▸ **Information given**
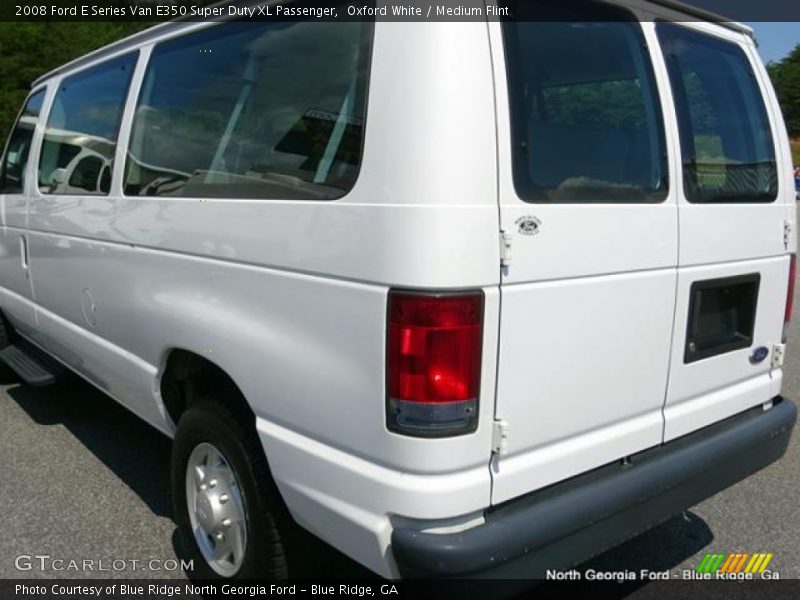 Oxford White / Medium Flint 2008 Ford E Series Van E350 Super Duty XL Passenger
--
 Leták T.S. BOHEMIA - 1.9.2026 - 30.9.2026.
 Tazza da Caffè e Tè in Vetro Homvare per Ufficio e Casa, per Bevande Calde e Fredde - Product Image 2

▸ **What the task asks**
Could you retype exactly the lines above, starting at the line that contains "Leták T.S. BOHEMIA - 1.9.2026 - 30.9.2026." and ending at the line that contains "Tazza da Caffè", and nothing more?

▸ **Task result**
 Leták T.S. BOHEMIA - 1.9.2026 - 30.9.2026.
 Tazza da Caffè e Tè in Vetro Homvare per Ufficio e Casa, per Bevande Calde e Fredde - Product Image 2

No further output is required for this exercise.